_WHAT YOU ARE ASKED TO DO_
Each record below should be written out again exactly.

(Dataset items)
== == ==

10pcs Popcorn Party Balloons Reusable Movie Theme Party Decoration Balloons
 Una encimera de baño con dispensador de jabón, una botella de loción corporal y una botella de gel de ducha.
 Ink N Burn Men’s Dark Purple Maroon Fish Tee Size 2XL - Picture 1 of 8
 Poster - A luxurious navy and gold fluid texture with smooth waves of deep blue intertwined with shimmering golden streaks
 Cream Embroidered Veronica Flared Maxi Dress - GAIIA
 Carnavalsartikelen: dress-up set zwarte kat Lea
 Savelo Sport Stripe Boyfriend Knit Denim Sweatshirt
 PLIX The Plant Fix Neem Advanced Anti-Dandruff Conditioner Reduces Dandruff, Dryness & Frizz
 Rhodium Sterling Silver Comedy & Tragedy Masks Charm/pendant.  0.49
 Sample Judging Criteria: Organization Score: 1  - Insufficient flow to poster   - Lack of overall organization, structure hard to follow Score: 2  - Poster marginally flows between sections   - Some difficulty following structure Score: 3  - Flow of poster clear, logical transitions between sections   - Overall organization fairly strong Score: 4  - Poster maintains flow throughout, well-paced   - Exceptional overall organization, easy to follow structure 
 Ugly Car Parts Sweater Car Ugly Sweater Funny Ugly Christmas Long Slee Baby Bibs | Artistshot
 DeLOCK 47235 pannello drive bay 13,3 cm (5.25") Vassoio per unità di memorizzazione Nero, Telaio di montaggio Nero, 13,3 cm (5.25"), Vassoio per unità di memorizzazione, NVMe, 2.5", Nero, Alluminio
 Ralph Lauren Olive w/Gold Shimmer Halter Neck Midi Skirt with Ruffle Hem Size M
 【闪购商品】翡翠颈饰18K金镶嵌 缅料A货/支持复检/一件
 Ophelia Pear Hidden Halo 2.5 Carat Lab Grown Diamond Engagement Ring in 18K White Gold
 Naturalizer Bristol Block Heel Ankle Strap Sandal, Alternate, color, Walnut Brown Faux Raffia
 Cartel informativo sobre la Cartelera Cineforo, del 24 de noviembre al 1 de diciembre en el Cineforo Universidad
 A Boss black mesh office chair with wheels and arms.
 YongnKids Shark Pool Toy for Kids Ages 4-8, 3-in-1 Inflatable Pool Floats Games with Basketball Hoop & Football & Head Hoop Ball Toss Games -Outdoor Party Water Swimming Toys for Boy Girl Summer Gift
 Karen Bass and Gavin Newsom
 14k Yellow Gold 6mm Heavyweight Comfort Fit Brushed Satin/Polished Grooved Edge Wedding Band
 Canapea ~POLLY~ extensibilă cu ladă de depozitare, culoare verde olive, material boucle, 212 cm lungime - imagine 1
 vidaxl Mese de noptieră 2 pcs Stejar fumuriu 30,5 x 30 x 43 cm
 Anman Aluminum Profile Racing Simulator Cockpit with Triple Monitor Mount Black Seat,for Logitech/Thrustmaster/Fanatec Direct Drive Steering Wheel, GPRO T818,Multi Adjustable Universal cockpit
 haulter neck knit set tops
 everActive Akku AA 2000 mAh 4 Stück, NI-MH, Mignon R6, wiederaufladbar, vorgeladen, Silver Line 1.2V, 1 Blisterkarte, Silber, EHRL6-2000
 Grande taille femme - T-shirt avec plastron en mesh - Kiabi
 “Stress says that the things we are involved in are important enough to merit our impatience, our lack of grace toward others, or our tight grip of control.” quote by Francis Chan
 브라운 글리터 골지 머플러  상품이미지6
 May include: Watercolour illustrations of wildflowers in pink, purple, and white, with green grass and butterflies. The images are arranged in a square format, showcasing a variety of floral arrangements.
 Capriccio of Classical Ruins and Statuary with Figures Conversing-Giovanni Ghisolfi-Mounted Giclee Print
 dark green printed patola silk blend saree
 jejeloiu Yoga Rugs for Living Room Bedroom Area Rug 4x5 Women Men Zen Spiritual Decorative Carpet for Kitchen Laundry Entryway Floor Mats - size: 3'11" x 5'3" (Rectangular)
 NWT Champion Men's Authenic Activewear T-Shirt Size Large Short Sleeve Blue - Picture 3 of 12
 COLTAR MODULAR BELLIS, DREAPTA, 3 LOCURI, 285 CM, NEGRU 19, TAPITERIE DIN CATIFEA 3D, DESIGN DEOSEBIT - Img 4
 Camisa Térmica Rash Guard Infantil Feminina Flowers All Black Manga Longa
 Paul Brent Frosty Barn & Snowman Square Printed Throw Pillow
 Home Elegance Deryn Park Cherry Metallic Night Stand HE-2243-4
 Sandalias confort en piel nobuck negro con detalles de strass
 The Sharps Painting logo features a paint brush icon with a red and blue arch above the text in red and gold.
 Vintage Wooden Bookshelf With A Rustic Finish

== == ==

_WORKED SOLUTION_
10pcs Popcorn Party Balloons Reusable Movie Theme Party Decoration Balloons
 Una encimera de baño con dispensador de jabón, una botella de loción corporal y una botella de gel de ducha.
 Ink N Burn Men’s Dark Purple Maroon Fish Tee Size 2XL - Picture 1 of 8
 Poster - A luxurious navy and gold fluid texture with smooth waves of deep blue intertwined with shimmering golden streaks
 Cream Embroidered Veronica Flared Maxi Dress - GAIIA
 Carnavalsartikelen: dress-up set zwarte kat Lea
 Savelo Sport Stripe Boyfriend Knit Denim Sweatshirt
 PLIX The Plant Fix Neem Advanced Anti-Dandruff Conditioner Reduces Dandruff, Dryness & Frizz
 Rhodium Sterling Silver Comedy & Tragedy Masks Charm/pendant.  0.49
 Sample Judging Criteria: Organization Score: 1  - Insufficient flow to poster   - Lack of overall organization, structure hard to follow Score: 2  - Poster marginally flows between sections   - Some difficulty following structure Score: 3  - Flow of poster clear, logical transitions between sections   - Overall organization fairly strong Score: 4  - Poster maintains flow throughout, well-paced   - Exceptional overall organization, easy to follow structure 
 Ugly Car Parts Sweater Car Ugly Sweater Funny Ugly Christmas Long Slee Baby Bibs | Artistshot
 DeLOCK 47235 pannello drive bay 13,3 cm (5.25") Vassoio per unità di memorizzazione Nero, Telaio di montaggio Nero, 13,3 cm (5.25"), Vassoio per unità di memorizzazione, NVMe, 2.5", Nero, Alluminio
 Ralph Lauren Olive w/Gold Shimmer Halter Neck Midi Skirt with Ruffle Hem Size M
 【闪购商品】翡翠颈饰18K金镶嵌 缅料A货/支持复检/一件
 Ophelia Pear Hidden Halo 2.5 Carat Lab Grown Diamond Engagement Ring in 18K White Gold
 Naturalizer Bristol Block Heel Ankle Strap Sandal, Alternate, color, Walnut Brown Faux Raffia
 Cartel informativo sobre la Cartelera Cineforo, del 24 de noviembre al 1 de diciembre en el Cineforo Universidad
 A Boss black mesh office chair with wheels and arms.
 YongnKids Shark Pool Toy for Kids Ages 4-8, 3-in-1 Inflatable Pool Floats Games with Basketball Hoop & Football & Head Hoop Ball Toss Games -Outdoor Party Water Swimming Toys for Boy Girl Summer Gift
 Karen Bass and Gavin Newsom
 14k Yellow Gold 6mm Heavyweight Comfort Fit Brushed Satin/Polished Grooved Edge Wedding Band
 Canapea ~POLLY~ extensibilă cu ladă de depozitare, culoare verde olive, material boucle, 212 cm lungime - imagine 1
 vidaxl Mese de noptieră 2 pcs Stejar fumuriu 30,5 x 30 x 43 cm
 Anman Aluminum Profile Racing Simulator Cockpit with Triple Monitor Mount Black Seat,for Logitech/Thrustmaster/Fanatec Direct Drive Steering Wheel, GPRO T818,Multi Adjustable Universal cockpit
 haulter neck knit set tops
 everActive Akku AA 2000 mAh 4 Stück, NI-MH, Mignon R6, wiederaufladbar, vorgeladen, Silver Line 1.2V, 1 Blisterkarte, Silber, EHRL6-2000
 Grande taille femme - T-shirt avec plastron en mesh - Kiabi
 “Stress says that the things we are involved in are important enough to merit our impatience, our lack of grace toward others, or our tight grip of control.” quote by Francis Chan
 브라운 글리터 골지 머플러  상품이미지6
 May include: Watercolour illustrations of wildflowers in pink, purple, and white, with green grass and butterflies. The images are arranged in a square format, showcasing a variety of floral arrangements.
 Capriccio of Classical Ruins and Statuary with Figures Conversing-Giovanni Ghisolfi-Mounted Giclee Print
 dark green printed patola silk blend saree
 jejeloiu Yoga Rugs for Living Room Bedroom Area Rug 4x5 Women Men Zen Spiritual Decorative Carpet for Kitchen Laundry Entryway Floor Mats - size: 3'11" x 5'3" (Rectangular)
 NWT Champion Men's Authenic Activewear T-Shirt Size Large Short Sleeve Blue - Picture 3 of 12
 COLTAR MODULAR BELLIS, DREAPTA, 3 LOCURI, 285 CM, NEGRU 19, TAPITERIE DIN CATIFEA 3D, DESIGN DEOSEBIT - Img 4
 Camisa Térmica Rash Guard Infantil Feminina Flowers All Black Manga Longa
 Paul Brent Frosty Barn & Snowman Square Printed Throw Pillow
 Home Elegance Deryn Park Cherry Metallic Night Stand HE-2243-4
 Sandalias confort en piel nobuck negro con detalles de strass
 The Sharps Painting logo features a paint brush icon with a red and blue arch above the text in red and gold.
 Vintage Wooden Bookshelf With A Rustic Finish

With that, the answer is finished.